An article about sea level rise in Sunday’s Washington Post came just a bit late for discussion at the quarterly meeting of the Local Government Advisory Committee (LGAC) to the Chesapeake Executive Council in Easton, Maryland last week, but the issue wasn’t far from anyone’s mind.
LGAC’s members are appointed by the Governors of Virginia, Maryland, Pennsylvania, and the Mayor of the District of Columbia who, along with the EPA Administrator and the chair of the Chesapeake Bay Commission, make up the Chesapeake Executive Council. Five of Virginia’s six LGAC members – Supervisor Ruby Brabo of King George County, Supervisor Janine Burns of Mathews County, Councilman Richard Baugh from Harrisonburg, Larry Land from the Virginia Association of Counties’ staff, and Ernie Lehmann from Alexandria – are brand new, appointed by Governor McAuliffe in September.

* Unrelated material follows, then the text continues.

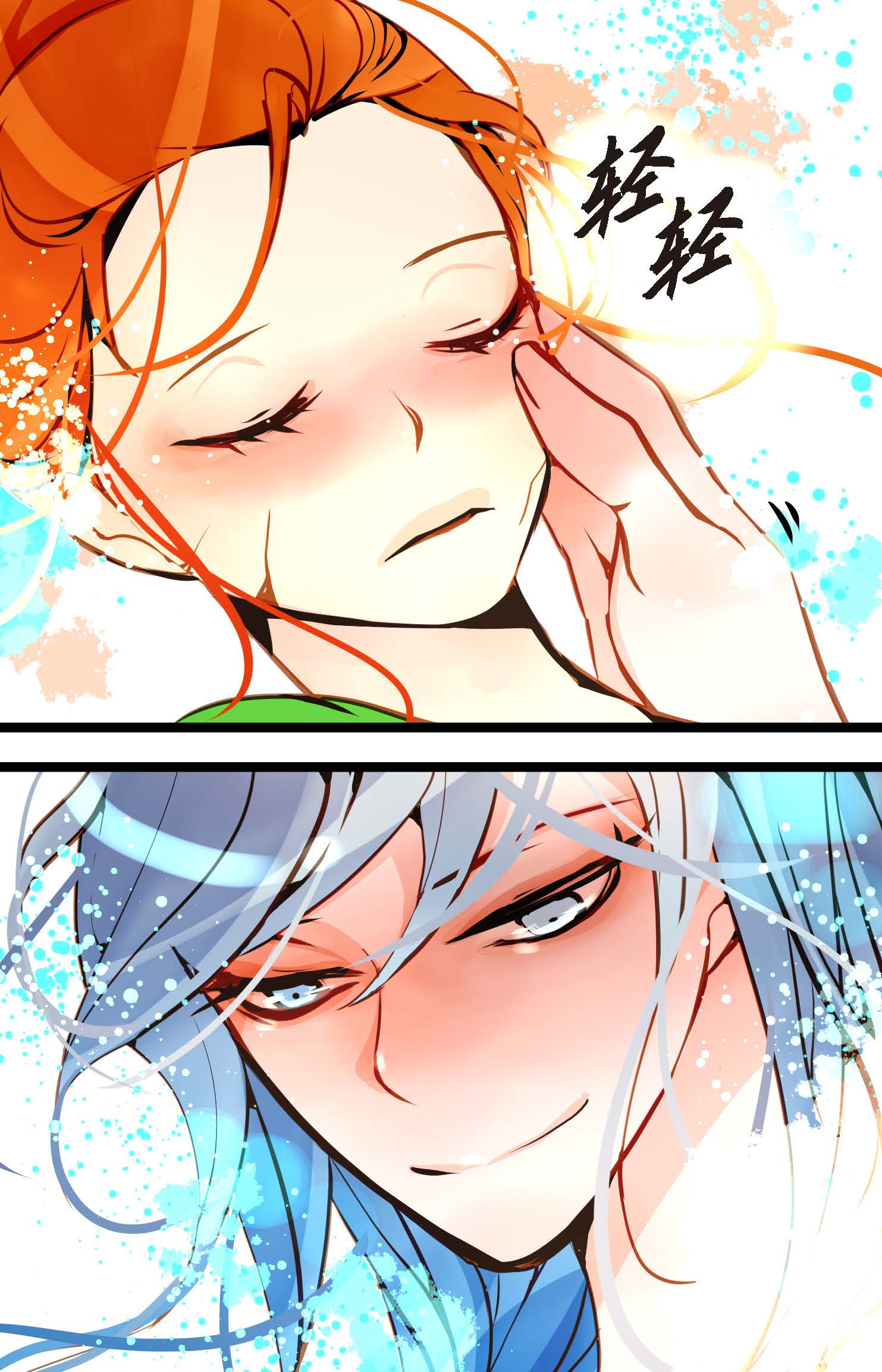 第125话 我能和她一起死也就无憾-第126话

I was honored that the governor decided to extend my term on LGAC; I was appointed originally by Governor Mark Warner more than 10 years ago.
LGAC’s charge is to advise the Executive Council about local governments, what they need to participate in restoration of the Bay, and how partnerships between the federal, state, and local governments might foster policies and procedures that will have a positive effect on the Bay, its tributaries, and its economy. The Post article, “The Rising Sea,” focused on Virginia’s Assateague Island, which is not part of the 64,000 square mile Bay Watershed, but which is a microcosm of what is happening in low-lying areas along the eastern seaboard. Sea level rise is real, not imaginary. Just ask Supervisor Burns from Mathews County, a small rural county at the very tip of the Middle Peninsula, jutting out in the Bay. Amazingly, only 86 square miles of Mathews’ 252 square miles size is land; the other 166 square miles is water. Between the spectre of sea level rise and the geologic subsidence caused by natural gravity, the fewer than 9,000 residents of Mathews have plenty of concerns. Mathews’ economy, like many rural areas around the Bay, is water-based. Fishing, aquaculture (both fin fish and shellfish), and traditional rural land uses have provided the backbone of Mathews’ economy since Colonial Days. Recently, Mathews County arranged for a dozen commercial fishermen to re-train and become certified as aqua-tourism guides. This is a step in the right direction toward re-fashioning traditional economies that have supported communities for decades, but which most likely must change with the time (and tides).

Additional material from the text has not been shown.